Another popular approach to consider is Mobile First responsive design, where your core stylesheet handles the styles for the smallest devices, and the media queries deal with larger screen widths, instead of the other way around. This can result in faster performance on mobile devices, particularly if you use lots of CSS background images. (You'd construct the breakpoints in the same way – just start with your browser width at its minimum and work upwards. And don't forget to test on as many actual devices as you can get your hands on – consider visiting an Open Device Lab.)
In short, when it's done well, adaptive design is a joy to behold and experience both as a web designer and a communal garden web user. Take the site of Japanese firm Information Architects, for example:
On an iPhone
On an iPad
On an iMac
Just as Aaron Gustafson predicted, you don't even know you're being catered for until you see the designs on the same page.

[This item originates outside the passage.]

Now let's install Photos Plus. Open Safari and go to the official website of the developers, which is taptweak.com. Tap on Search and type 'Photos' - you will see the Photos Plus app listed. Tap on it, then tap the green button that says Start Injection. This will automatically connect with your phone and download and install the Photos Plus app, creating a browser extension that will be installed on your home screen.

The experience could hardly be more pleasant in each case; you don't have to think about or interact with the page to start reading the content, spend time wondering why it looks strange on your screen, or zoom in to see navigation elements before you can tap them, because someone already solved those problems for you. And that is why responsive design almost always trumps other options.
I'd use two stylesheets.
One thats flexible to fit the majority of regular desktop PC users.
Another for mobile.
The current recommended best approach is to use what's been coined "responsive web design" where you need to satisfy various devices and screen size/resolutions with a single approach.
A great article outlining the hows, whats and whys of responsive web design can be found at www.mayfielddigital.co.uk/blog/web-round-up/best-responsive-web-design-examples-and-resources/
It depends how much style influences your design. There are many factors, customer requirements, third-party content which will constrain you flexibility in terms of size.

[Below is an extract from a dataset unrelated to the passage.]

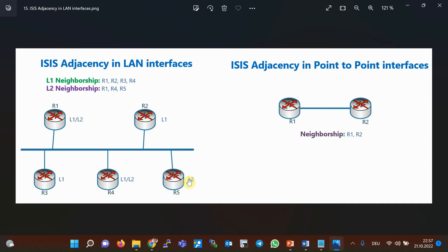In point-to-point interfaces, there are always two neighbors that are either level one, or level two, or level one level two.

If you can build a site that looks good and is highly usable to all your users that scales to any size, then awesome, do it!

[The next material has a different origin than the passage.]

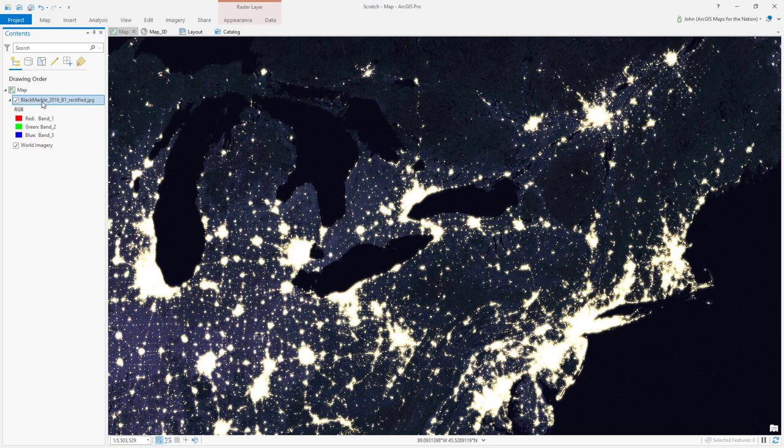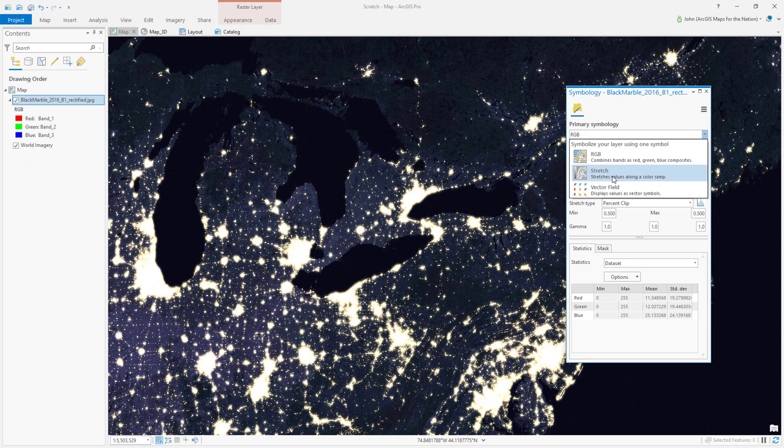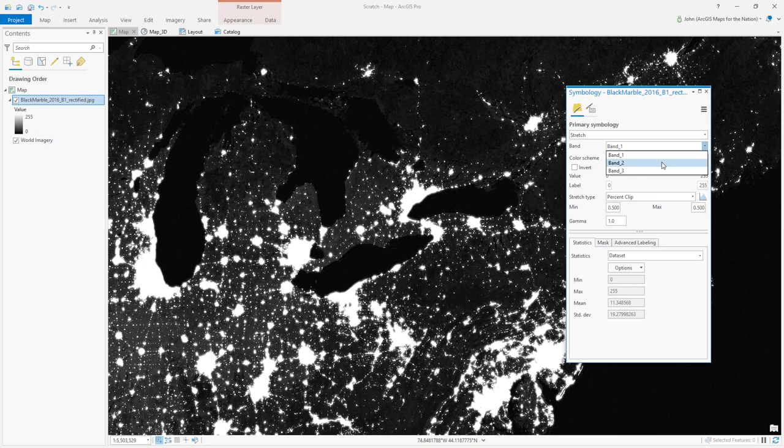Open the symbology panel. So instead of red, green, and blue, choose a single band stretch grayscale version, and you can play with what looks best — red, green band, or the blue band. I'm going to choose the blue band.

The next option is to have a style with minimum width dictated by certain elements such as vertical menu, navigational aid or the like and have the main content column resize to fill the remaining available space. Still, it is not always easy depending on certain contents (banner ads, widgets, video, etc).
What most sites end up with is a fixed-width common denominator layout. Note I did NOT say lowest common denominator. If you look at stats, either your own or those from w3schools, you will notice that 85.1% of people have displays over 1024 pixels wide and 98.9% of people have at least 1024 pixels width. Think about the ease of implementing a 1024 pixel-wide layout and the effort needed so that 1.1% more people do not need to scroll horizontally and you'll see why this is an extremely common choice for designed websites.
Of course, consider your audience, it may not match visitors of w3schools. You may also purposefully alienate more visitors if they do not suite your needs. Stuck In Customs was designed extremely wide because the target is people with in interest in graphics and photo which mostly work with large displays. It also makes the experience much bolder for them.